Terrell and Stone said they were in talks with a composer for the first joint commission, but were not yet ready to announce who it will be.
Affirmation of the composer-in-residence program came immediately after the announcement with the world premiere of Geometries.
Inspired by math
Geometries is inspired by math, but what really comes across in the two-movement, 14-minute piece is passion.
In Fractals, the first movement, a theme starts in the clarinet and then moves through the other three instruments — piano, cello and violin. It's a sweet, simple theme that seemed born from sunrise over the landscape surrounding the Fasig-Tipton Pavilion, where the festival takes place.
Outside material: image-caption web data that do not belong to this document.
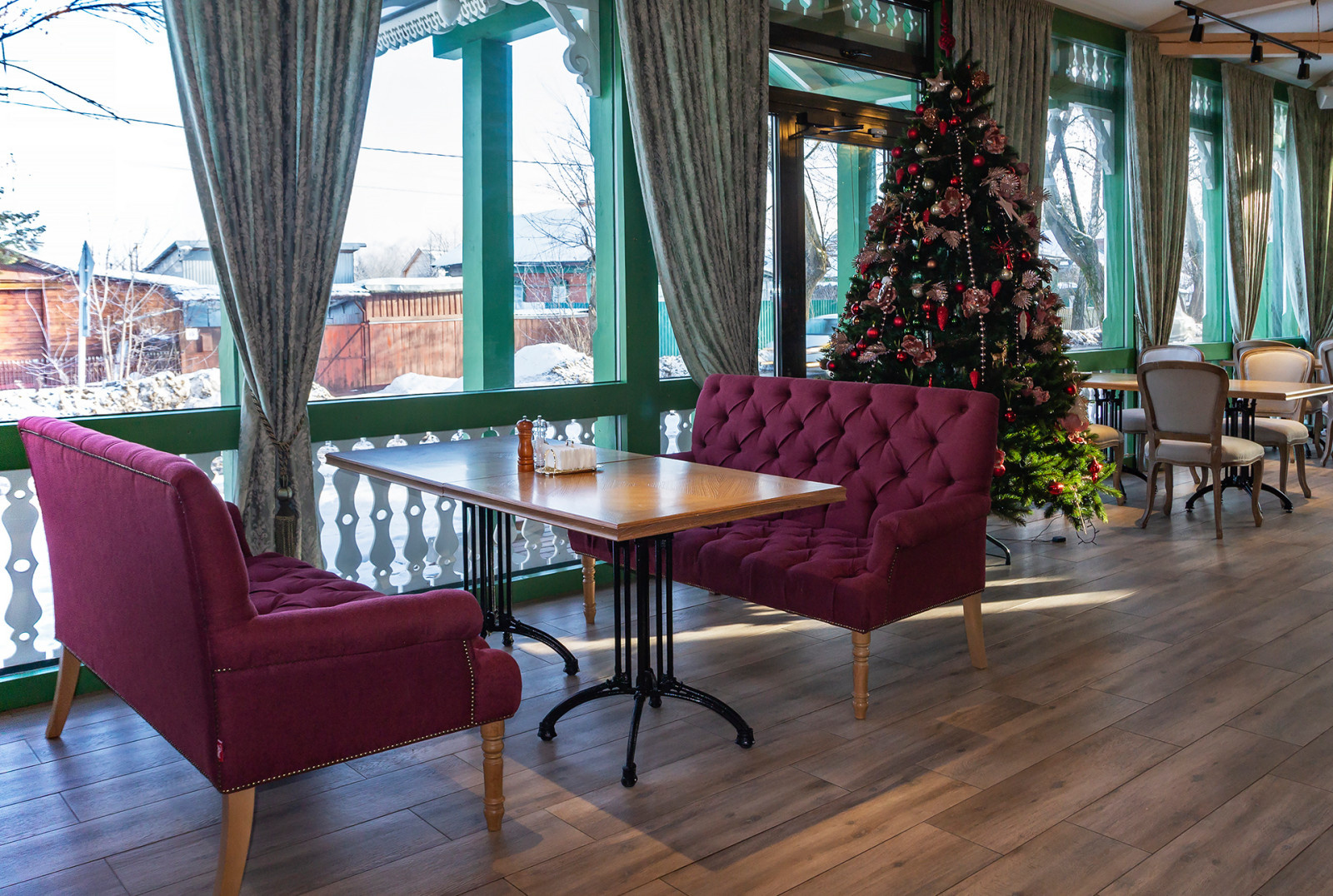 Ресторан "Жан-Иван"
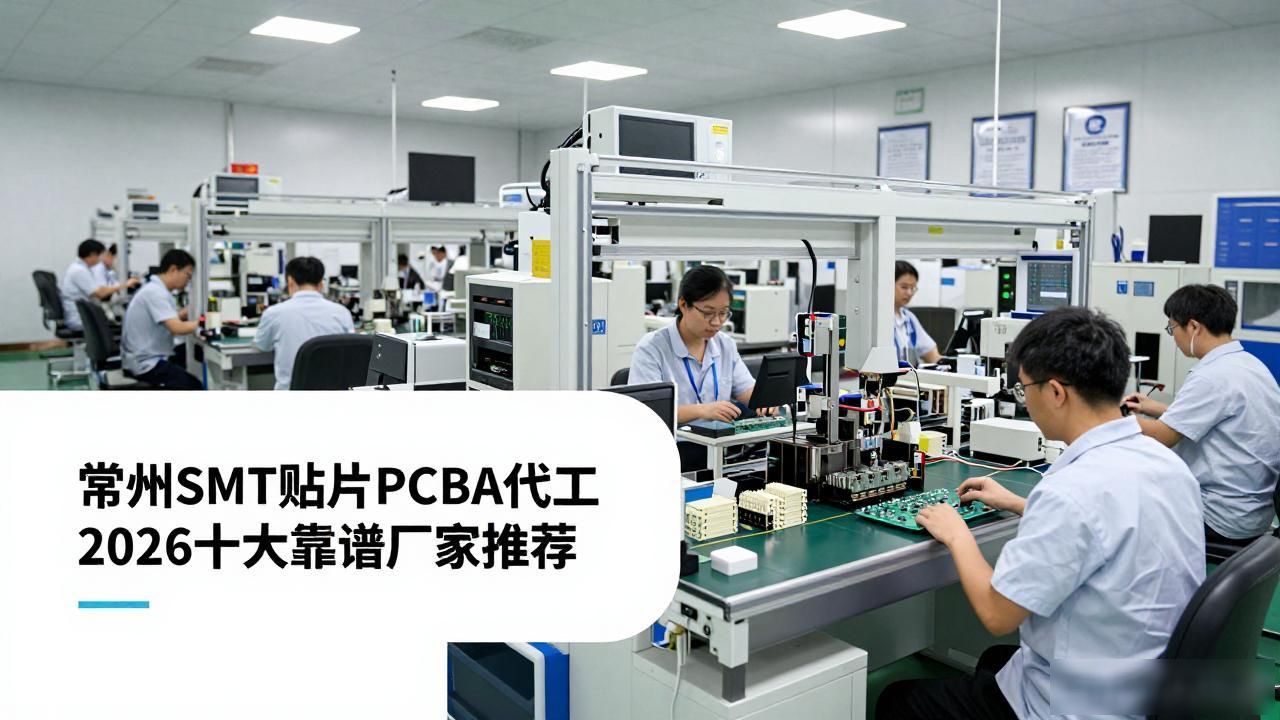 常州SMT贴片PCBA代工2026十大靠谱厂家推荐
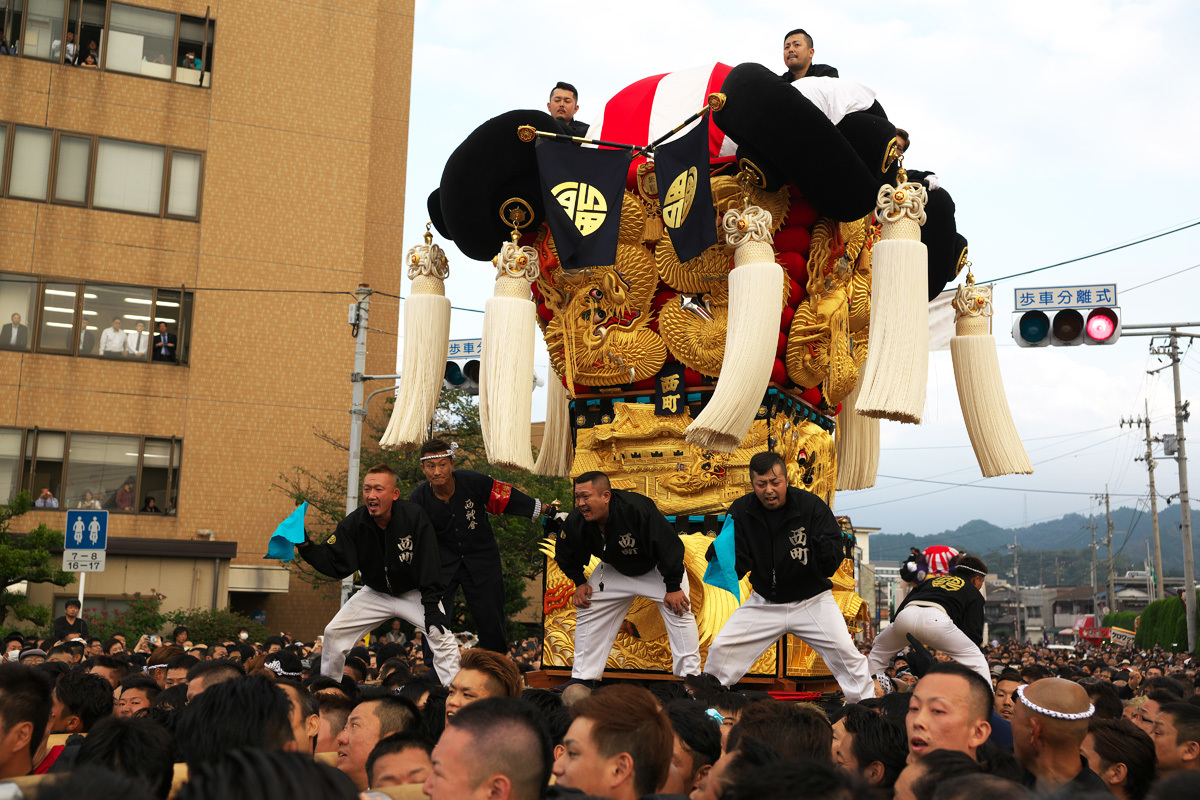 新居浜太鼓祭り 工場前かきくらべ 16年 Part 10 悠悠閑適 Photo Blog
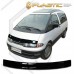 Дефлектор капота Toyota Estima Lucida (Classic черный)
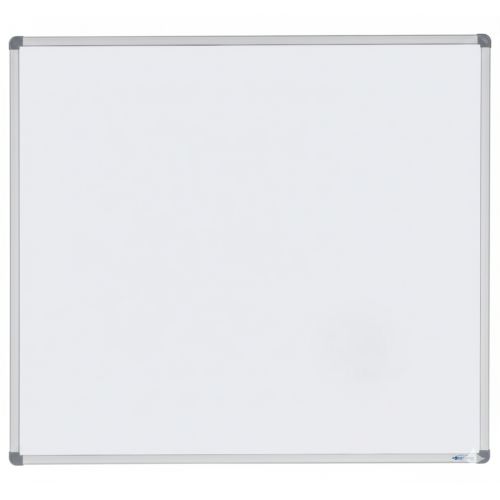 Visionchart EverWrite Porcelain Whiteboard 1200 x 1200mm Standard Frame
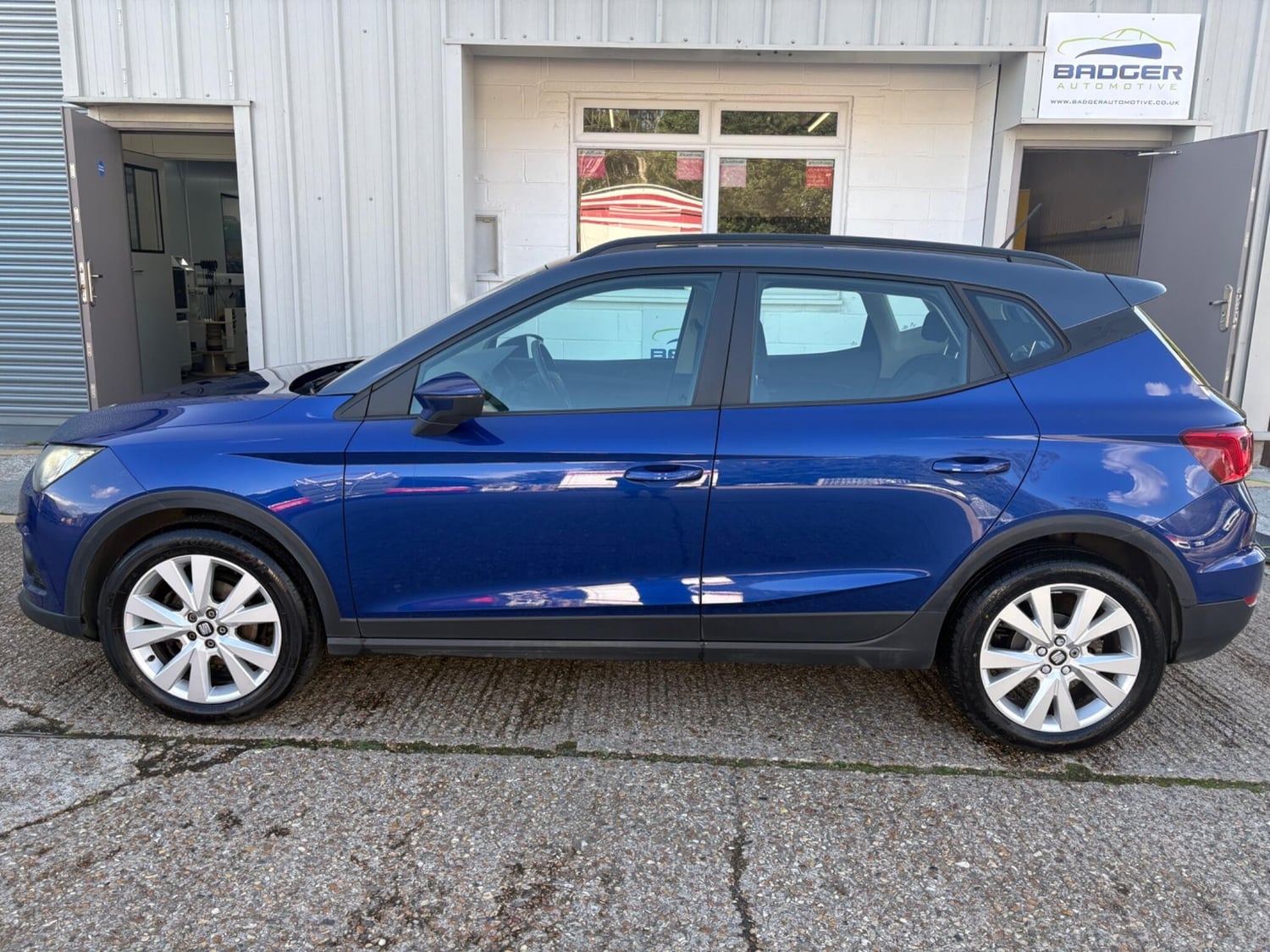 2019 SEAT Arona 1.0 TSI SE Technology DSG Euro 6 (s/s) 5dr - Cars in Uckfield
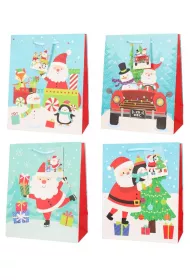 incood. Torba prezentowa 32x44 �wi�ta brokat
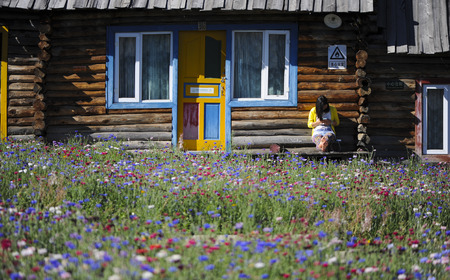 Leisure houseのeditorial素材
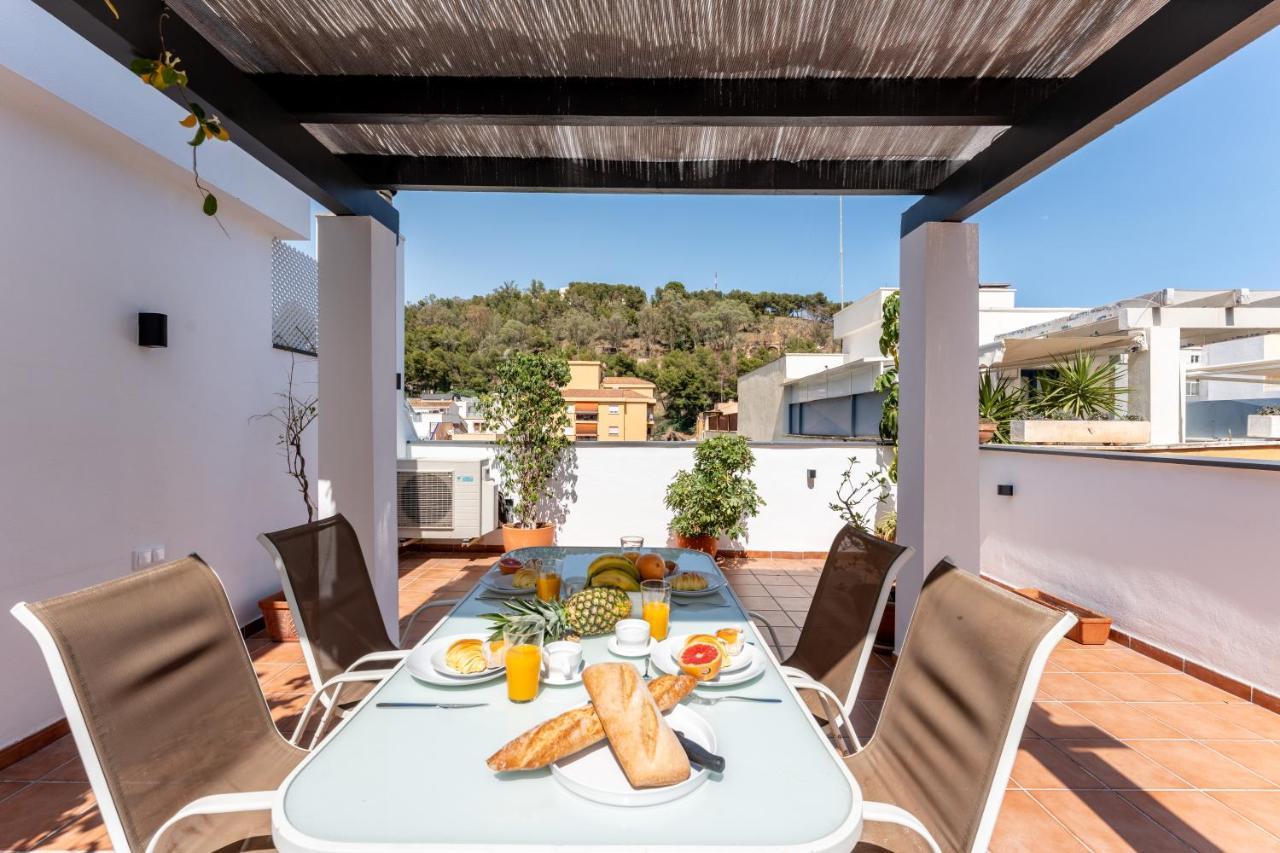 Ct 252 - Faro'S Malaga Citylights - Amazing Roof Terrace Екстер'єр фото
The second movement, Tangents, introduced several themes that move toward one another for a symphonic finale, with Zare making the quartet sound like a much larger ensemble, particularly through the piano and clarinet.
The weekend started with a composer focus in Friday night's finale, Olivier Messiaen's aching Quartet for the End of Time, a 1940 piece virtually inseparable from the circumstances of its composition in a German prisoner of war camp.
If the audience had not been told that, we still would have sensed it in the performance by clarinetist Alexander Fiterstein, pianist Alessio Bax, cellist Priscilla Lee, and violinist Cole, a Lexington native who is now in the Chicago Symphony Orchestra.
The sensitivity the musicians showed in their earlier performances that evening took full effect here. Each player had arresting solos, Fiterstein being the first as a voice rising from a silent hell.
That and other selections through the weekend highlighted one of the treats of this year's event: the performances of guest clarinetist Fiterstein.
Adding a wind instrument to the festival, which had previously been all strings, brought a new color and vibrance to the event. And Fiterstein's deceptively easygoing style made him a pleasure to watch.
Ping pong and Mozart
Sunday's family-friendly finale paired Zare's music with the work of a man some would call the ultimate composer, Wolfgang Amadeus Mozart.
The performance essentially turned the stage of the Fasig-Tipton Pavilion into Zare's living room, with his fabulously talented friends dropping by to help him get over composer's block.
"You've been up here de-composing for weeks," Bax said, giving Zare a book about Mozart to inspire him to start writing again.
What many will likely remember from this performance is Zare's Dark and Stormy Night, which featured Zare and Bax placing ping pong balls on the strings of the Steinway grand piano on the stage, producing a spooky ping. It started with a few balls, but by the end of the piece, the composer emptied a box of balls into the Steinway.
The casual performance ended the festival by demonstrating that these musicians take their music, but not themselves, seriously.